The Directorate General of Foreign Trade (DGFT) prohibited sugar exports effective immediately until September 30, 2026.
This ban applies to all types of sugar: raw, white, and refined.
The decision was influenced by concerns over El Niño and potential disruptions from the Iran war.
India's sugar production for 2025-26 is estimated at 279 lakh tonnes, with opening stocks exceeding 50 lakh tonnes.
Detailed Insights:
The government initially allowed 15 lakh tonnes of sugar exports for the current sugar year, later increasing it to 20 lakh tonnes.
As of now, approximately 6.5 lakh tonnes have been exported, leaving closing stocks at an estimated 42.5 lakh tonnes by September 30.
El Niño, predicted to emerge by July and persist through 2026, could negatively impact monsoon rains and subsequent sugarcane crops.

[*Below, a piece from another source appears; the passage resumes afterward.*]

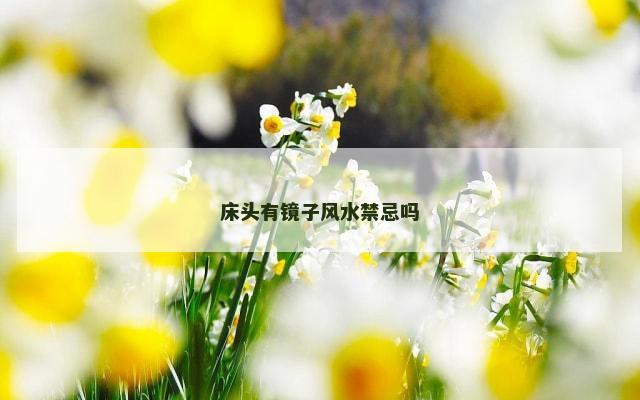 床头有镜子风水禁忌吗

Disruptions in fertilizer supply due to the ongoing West Asia crisis are also a concern for sugarcane cultivation, which requires substantial fertilizer input.
The government suspects some sugar mills may not be accurately reporting their stock levels in the monthly P-II forms, leading to potential supply shortfalls.
Despite the ban, current export prices are not significantly more favorable than domestic prices, limiting the immediate financial impact on sugar mills.
Key Concepts Involved:
El Niño: A climate pattern characterized by the abnormal warming of waters in the central and eastern equatorial Pacific Ocean, often leading to altered weather patterns globally.
P-II Forms: Monthly reports filed by sugar mills detailing their stock levels, used by the government to allocate sugar quotas for domestic sale.
DGFT (Directorate General of Foreign Trade): The government agency responsible for implementing and regulating India's foreign trade policy.